#### TASK
Sort through the data and copy the lines holding the word "with".

------ DATA

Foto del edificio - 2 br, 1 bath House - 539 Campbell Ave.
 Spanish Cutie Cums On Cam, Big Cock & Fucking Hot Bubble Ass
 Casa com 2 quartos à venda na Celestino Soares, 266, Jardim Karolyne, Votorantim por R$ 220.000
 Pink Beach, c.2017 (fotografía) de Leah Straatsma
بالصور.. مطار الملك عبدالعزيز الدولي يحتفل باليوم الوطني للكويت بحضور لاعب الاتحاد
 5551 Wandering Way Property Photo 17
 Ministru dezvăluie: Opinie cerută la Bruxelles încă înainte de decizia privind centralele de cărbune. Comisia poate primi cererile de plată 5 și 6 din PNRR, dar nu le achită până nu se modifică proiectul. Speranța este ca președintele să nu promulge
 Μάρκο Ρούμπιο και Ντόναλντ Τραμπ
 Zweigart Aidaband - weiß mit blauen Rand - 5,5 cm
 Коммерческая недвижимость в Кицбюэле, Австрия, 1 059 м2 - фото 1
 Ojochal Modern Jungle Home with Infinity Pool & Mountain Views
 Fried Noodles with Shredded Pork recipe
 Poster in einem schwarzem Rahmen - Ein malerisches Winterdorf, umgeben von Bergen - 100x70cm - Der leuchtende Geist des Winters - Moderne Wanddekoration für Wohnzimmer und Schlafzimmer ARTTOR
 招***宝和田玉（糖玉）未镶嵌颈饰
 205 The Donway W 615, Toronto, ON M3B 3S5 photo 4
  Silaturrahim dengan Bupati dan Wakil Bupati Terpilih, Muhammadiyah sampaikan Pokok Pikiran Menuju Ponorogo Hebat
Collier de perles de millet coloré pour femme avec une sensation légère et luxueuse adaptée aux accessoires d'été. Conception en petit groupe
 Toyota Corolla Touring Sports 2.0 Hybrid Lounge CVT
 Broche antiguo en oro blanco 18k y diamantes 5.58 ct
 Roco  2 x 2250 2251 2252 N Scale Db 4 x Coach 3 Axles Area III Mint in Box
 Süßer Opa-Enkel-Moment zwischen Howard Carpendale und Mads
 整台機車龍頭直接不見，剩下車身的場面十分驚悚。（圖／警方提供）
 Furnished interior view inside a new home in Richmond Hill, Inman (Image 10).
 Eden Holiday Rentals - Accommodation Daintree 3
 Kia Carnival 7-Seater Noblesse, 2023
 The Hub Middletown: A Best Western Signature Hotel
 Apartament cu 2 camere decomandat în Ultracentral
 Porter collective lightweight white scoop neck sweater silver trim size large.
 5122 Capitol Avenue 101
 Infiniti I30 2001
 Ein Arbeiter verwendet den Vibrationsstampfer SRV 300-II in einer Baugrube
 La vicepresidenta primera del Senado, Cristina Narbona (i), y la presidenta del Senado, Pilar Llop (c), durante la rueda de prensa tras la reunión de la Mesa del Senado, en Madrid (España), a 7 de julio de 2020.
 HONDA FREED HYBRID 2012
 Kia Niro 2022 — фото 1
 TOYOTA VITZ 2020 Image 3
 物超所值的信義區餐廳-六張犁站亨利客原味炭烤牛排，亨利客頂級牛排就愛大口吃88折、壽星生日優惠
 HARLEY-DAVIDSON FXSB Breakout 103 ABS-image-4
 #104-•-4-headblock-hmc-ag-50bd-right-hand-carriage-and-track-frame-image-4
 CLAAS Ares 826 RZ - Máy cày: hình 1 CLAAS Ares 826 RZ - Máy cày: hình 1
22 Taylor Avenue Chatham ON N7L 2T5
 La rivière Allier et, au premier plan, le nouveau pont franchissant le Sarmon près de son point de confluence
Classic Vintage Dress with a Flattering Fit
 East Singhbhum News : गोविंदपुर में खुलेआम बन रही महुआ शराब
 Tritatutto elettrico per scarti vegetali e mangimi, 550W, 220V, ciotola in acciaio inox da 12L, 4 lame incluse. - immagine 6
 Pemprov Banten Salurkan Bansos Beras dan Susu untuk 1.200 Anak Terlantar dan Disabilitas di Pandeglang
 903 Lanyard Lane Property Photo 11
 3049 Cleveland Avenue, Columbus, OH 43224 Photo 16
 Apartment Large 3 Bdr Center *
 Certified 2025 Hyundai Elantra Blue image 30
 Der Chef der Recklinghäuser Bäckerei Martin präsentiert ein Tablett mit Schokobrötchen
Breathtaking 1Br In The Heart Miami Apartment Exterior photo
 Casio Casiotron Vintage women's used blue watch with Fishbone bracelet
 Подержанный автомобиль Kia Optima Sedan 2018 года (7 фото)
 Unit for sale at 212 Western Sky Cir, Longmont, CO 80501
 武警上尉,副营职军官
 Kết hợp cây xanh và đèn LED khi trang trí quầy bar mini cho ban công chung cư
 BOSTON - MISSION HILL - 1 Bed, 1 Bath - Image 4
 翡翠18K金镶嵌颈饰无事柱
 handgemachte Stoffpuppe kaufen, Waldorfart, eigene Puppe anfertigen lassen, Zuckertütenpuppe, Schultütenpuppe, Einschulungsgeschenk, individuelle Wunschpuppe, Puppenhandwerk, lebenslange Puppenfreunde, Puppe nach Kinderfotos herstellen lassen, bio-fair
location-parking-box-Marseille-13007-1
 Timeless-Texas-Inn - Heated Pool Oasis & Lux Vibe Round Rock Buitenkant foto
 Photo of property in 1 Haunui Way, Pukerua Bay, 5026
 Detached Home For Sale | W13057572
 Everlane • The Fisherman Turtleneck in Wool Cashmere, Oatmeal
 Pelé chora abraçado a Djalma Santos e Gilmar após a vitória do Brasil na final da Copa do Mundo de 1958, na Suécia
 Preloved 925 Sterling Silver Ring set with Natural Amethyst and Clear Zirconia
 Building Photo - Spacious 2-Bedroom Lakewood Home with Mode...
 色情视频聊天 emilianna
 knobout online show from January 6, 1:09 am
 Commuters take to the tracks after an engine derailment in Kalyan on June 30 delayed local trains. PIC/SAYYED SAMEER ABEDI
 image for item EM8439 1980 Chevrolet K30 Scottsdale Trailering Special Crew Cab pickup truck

------------

#### TASK SOLUTION
 Ojochal Modern Jungle Home with Infinity Pool & Mountain Views
 Fried Noodles with Shredded Pork recipe
Classic Vintage Dress with a Flattering Fit
 Casio Casiotron Vintage women's used blue watch with Fishbone bracelet
 Preloved 925 Sterling Silver Ring set with Natural Amethyst and Clear Zirconia
 Building Photo - Spacious 2-Bedroom Lakewood Home with Mode...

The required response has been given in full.